__EXERCISE DESCRIPTION__
Copy the lines below exactly, starting at the one with "Breitbandverfügbarkeit in deutschen" and ending at the one with "Industrial Internet of", and leave out any picture.

__DATA__
[Start of Attachment]

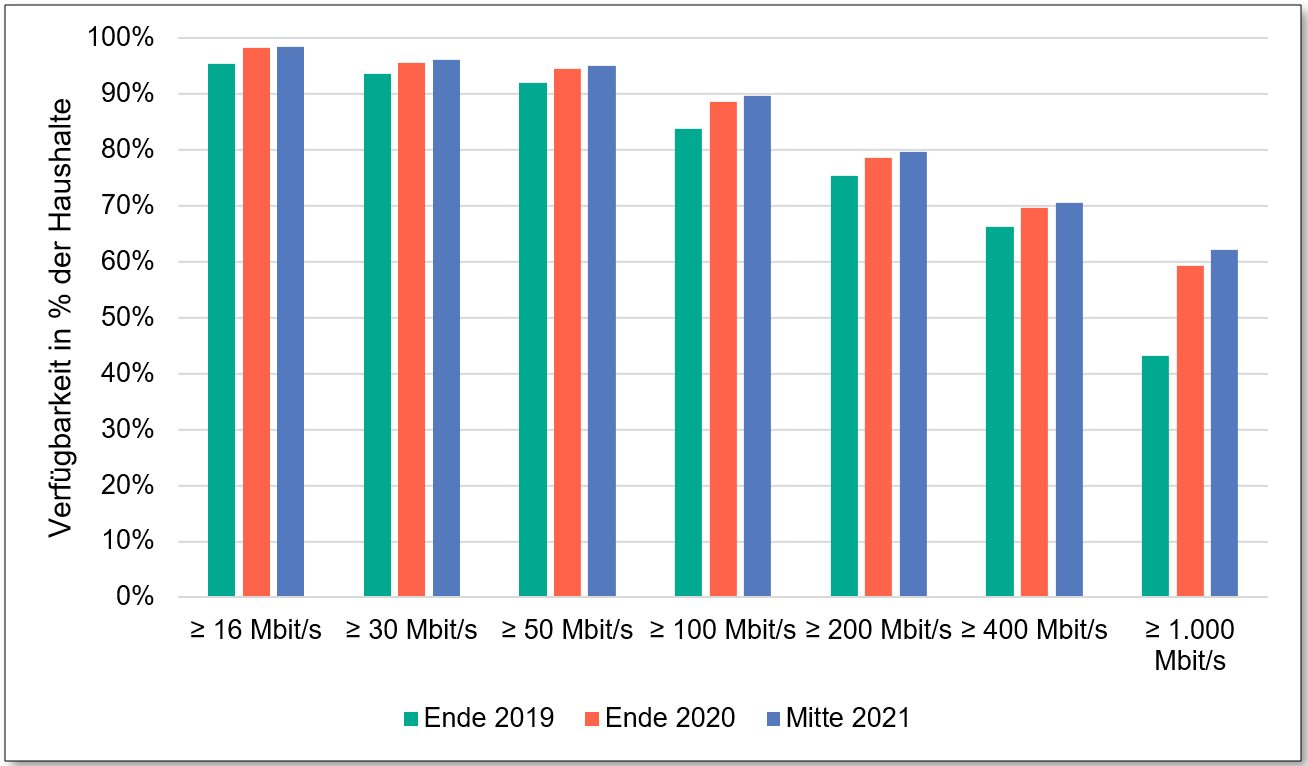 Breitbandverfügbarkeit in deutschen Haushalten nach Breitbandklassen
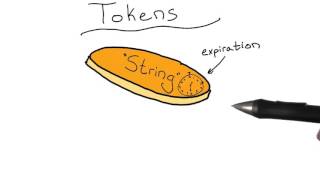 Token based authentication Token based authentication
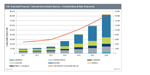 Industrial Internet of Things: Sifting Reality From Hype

[End of Attachment]
[Start of Attachment]

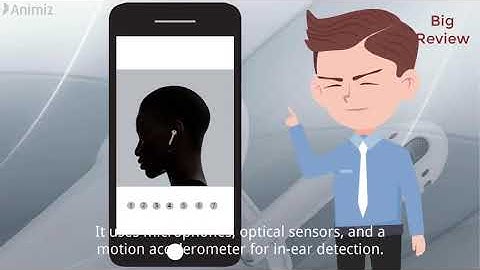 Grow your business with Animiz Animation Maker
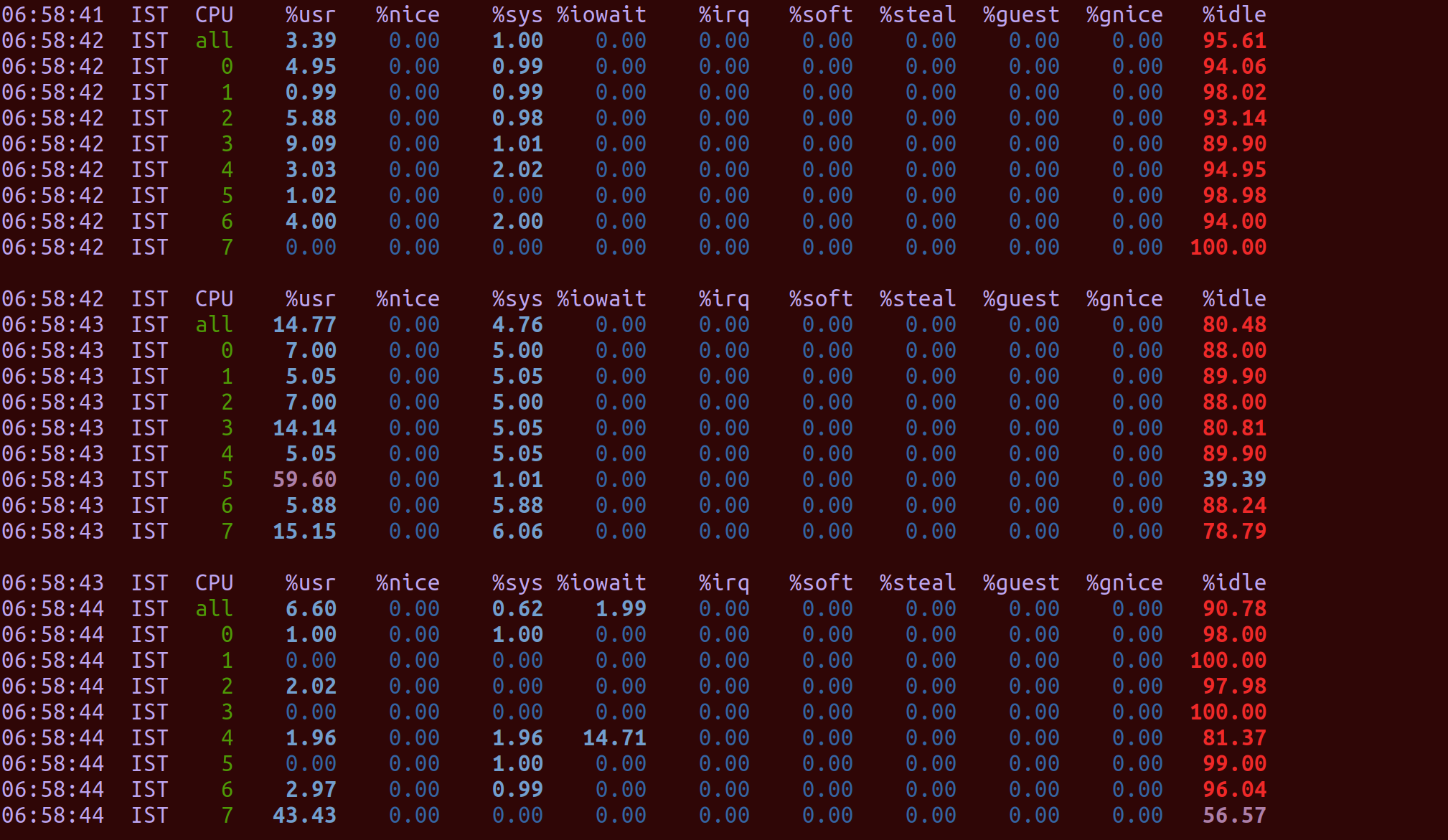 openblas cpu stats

[End of Attachment]
[Start of Attachment]

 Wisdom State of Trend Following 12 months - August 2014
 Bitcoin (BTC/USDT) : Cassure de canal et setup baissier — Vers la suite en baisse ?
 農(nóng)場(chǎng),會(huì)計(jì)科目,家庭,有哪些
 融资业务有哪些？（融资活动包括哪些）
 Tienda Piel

[End of Attachment]

__OUTPUT FOR THIS EXERCISE__
 Breitbandverfügbarkeit in deutschen Haushalten nach Breitbandklassen
 Token based authentication Token based authentication
 Industrial Internet of Things: Sifting Reality From Hype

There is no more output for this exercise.